Regarding rate limiting, rather than using an arg rewriter, you might consider using a shaper. The yaws_shaper module provides a behavior that expects its callback module to implement two functions:

check/1: yaws_shaper calls this to allow the callback module to decide whether to allow the request from the client. It passes client host information as the callback argument. Your shaper callback module returns either the atom allow to allow the request to proceed, or the tuple {deny, Status, Message} where Status is an HTTP status code to return to the client, such as 429 to indicate the client is making too many requests, and Message is any extra HTML to be returned to the client. (It might be nice if Message could include a reply header such as Retry-After as well; this is something I'll consider adding to Yaws.)
update/3: yaws_shaper calls this when the response for a client is ready to be returned. The first argument is the client host information, the second argument is the number of "hits" (the value 1 for each request), and the third argument is the number of bytes being delivered in response to the client's request. Your shaper callback module can return ok from update/3 (Yaws does not use the return value).

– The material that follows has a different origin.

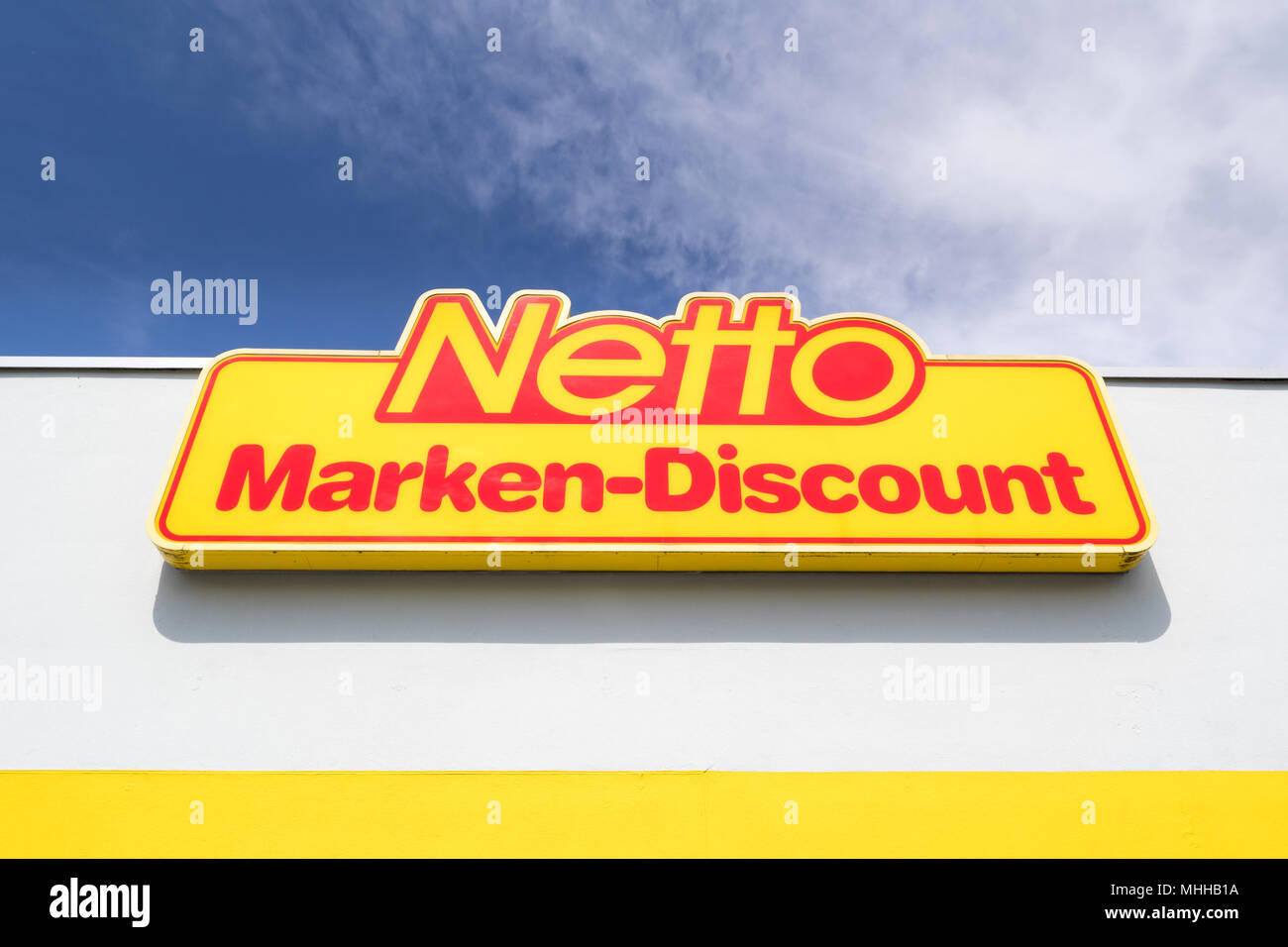 Netto Marken-Discount sign at branch. Netto is a German discount supermarket chain owned by Edeka Group. Stock Photo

A shaper can use this framework to track how many requests each client is making and how much data Yaws is delivering to each client, and use that information to limit or deny particular clients.

And finally, while "printf debugging" works, it's less than ideal especially in Erlang, which has built-in tracing. You should consider learning the dbg module so you can trace any function you want, see who called it, see what arguments are being passed to it, see what it returns, etc.